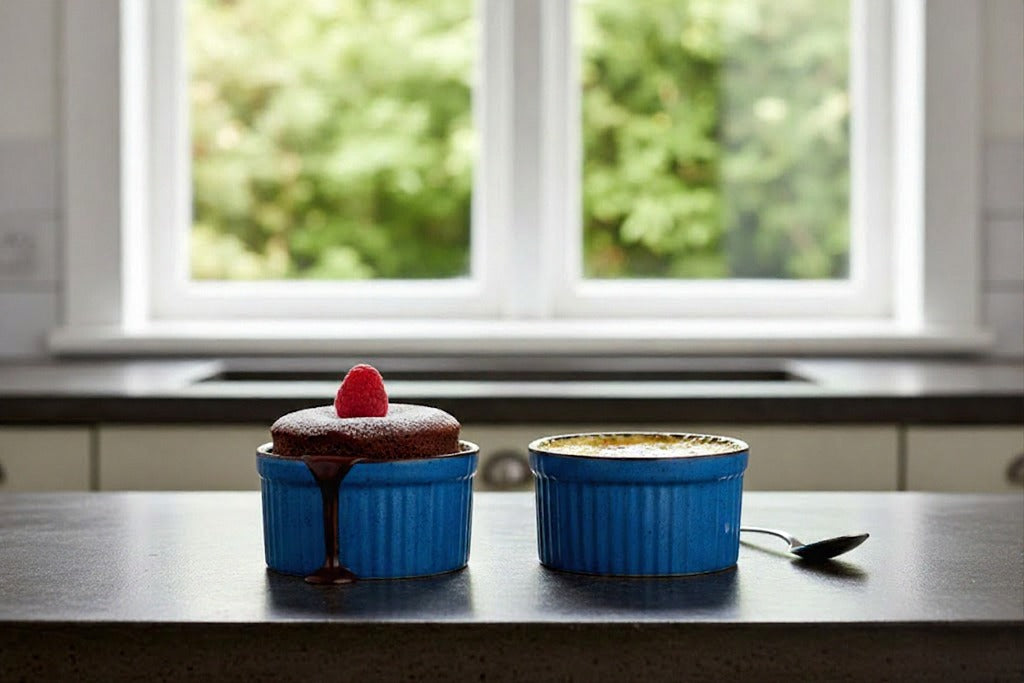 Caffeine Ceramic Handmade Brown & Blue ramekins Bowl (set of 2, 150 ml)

...

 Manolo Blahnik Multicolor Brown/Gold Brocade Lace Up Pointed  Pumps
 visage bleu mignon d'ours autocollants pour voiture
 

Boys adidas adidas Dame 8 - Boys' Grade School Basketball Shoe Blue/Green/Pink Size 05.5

About this exercise: Using the data above, extract exactly the lines from the one that holds "Manolo Blahnik Multicolor" to the one that holds "Boys adidas adidas", both ends included, and no others.

Written response:
 Manolo Blahnik Multicolor Brown/Gold Brocade Lace Up Pointed  Pumps
 visage bleu mignon d'ours autocollants pour voiture
 

Boys adidas adidas Dame 8 - Boys' Grade School Basketball Shoe Blue/Green/Pink Size 05.5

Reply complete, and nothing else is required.